I have a very sweet bookish friend who lives in Italy.
Angela recently emailed to tell me about the bitterly cold rain that had fallen on her village in Campania. She correctly assumed that I would understand and empathize. “How do you live way up there in snow-land as a permanent thing?” she asked. (“Way up there in snow-land” referring to my home state of Wisconsin.)
“There’s no such thing as bad weather, only bad clothes,” I quipped. I proceeded to extol the virtues of my Sorel snow boots and Smartwool socks, but in hindsight, I don’t think that’s what Angela was getting at.

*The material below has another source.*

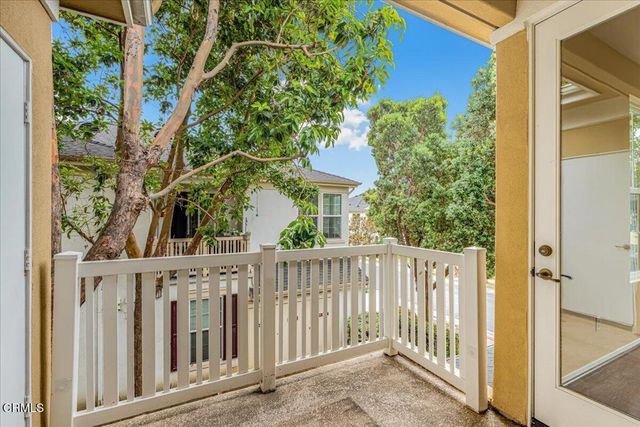 990 Holiday Avenue, Ventura, CA 93003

Rather than listen to me prattle on about my outdoor gear, Angela probably wanted to understand how we Northerners do it—how we gaze at an often-sunless winter horizon and find a sense of hope in the unceasing shades of gray and lavender. It’s an apt question, because surviving these dark and bone-chilling months isn’t for the faint of heart.
But—
have you ever stood on the icy shore of a frozen body of water and listened to it? I mean really listened to it?

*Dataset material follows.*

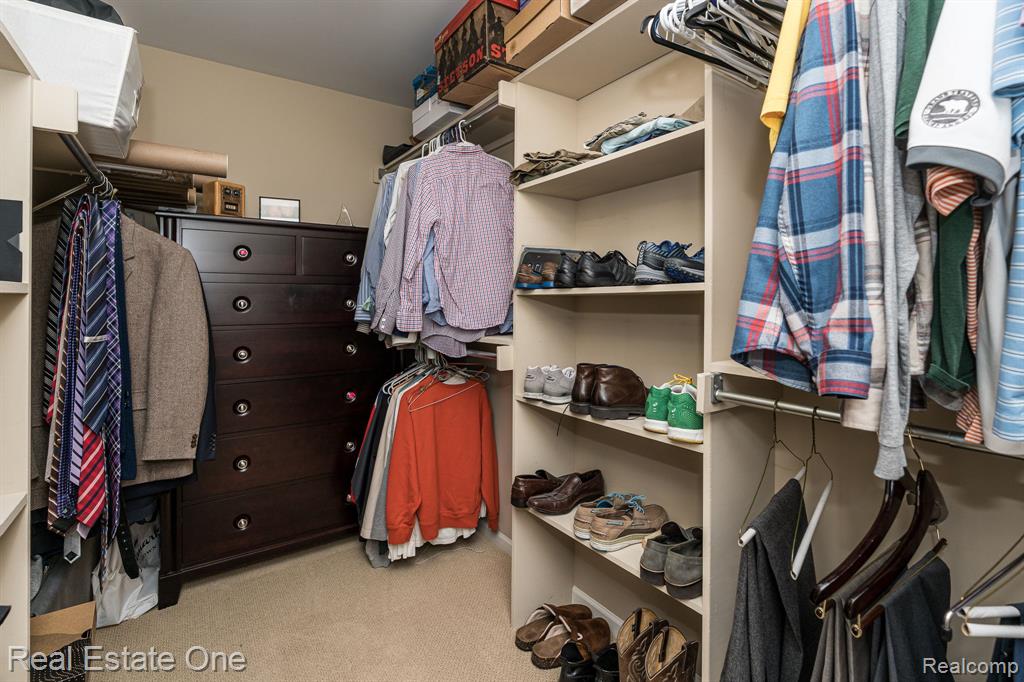 5849 Kingspointe Drive Rochester, MI 48306 - Photo 35 of 57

I just spent a long weekend in the Northwoods, which is my favorite place on earth and the setting of Crossing the Pressure Line. During one of my many hikes—because I make myself spend time outside every day, even when the weather hovers in the single digits—I watched the moon rise over a white and seemingly lifeless lake. It was only 4:20 P.M., but already nighttime felt like a heavy blanket.
In the hushed stillness of the gloaming, it would’ve been easy for me to imagine that everything was simply dead. But then the lake moaned, sounding not unlike a whale. I grinned into the moonlight, and the lake called out to me again. And again. Under my many layers of Smartwool, my body broke out in joyful goosebumps.
If you’ve never been up north in the winter, you might not realize that sheets of lake-ice can shift, which generates a variety of noises—pops and creaks, of course, but also groans and grumbles. A deep and eerie cry that sounds just like an owl. And, most thrillingly, the unearthly zing of a Star Wars Lightsaber.
You guys, those iced-over lakes are alive. Glorious things are happening beneath their surface, at every moment. Things we can’t see, but that remind us that the natural world carries on in spite of—because of—the frigid temperatures and frequent blizzards.
The next time my friend Angela asks me how I manage to stay warm here in the frozen tundra, I will tell her about the lakes. I will try to describe how I’m able to find courage when those whale-calls land upon my ears.
I know that Angela has chestnut-tree forests and fields of grain to greet her when she opens her balcony door in Italy, but I’ve got something very sturdy and character-building right here in Wisconsin, if I just go outside and listen.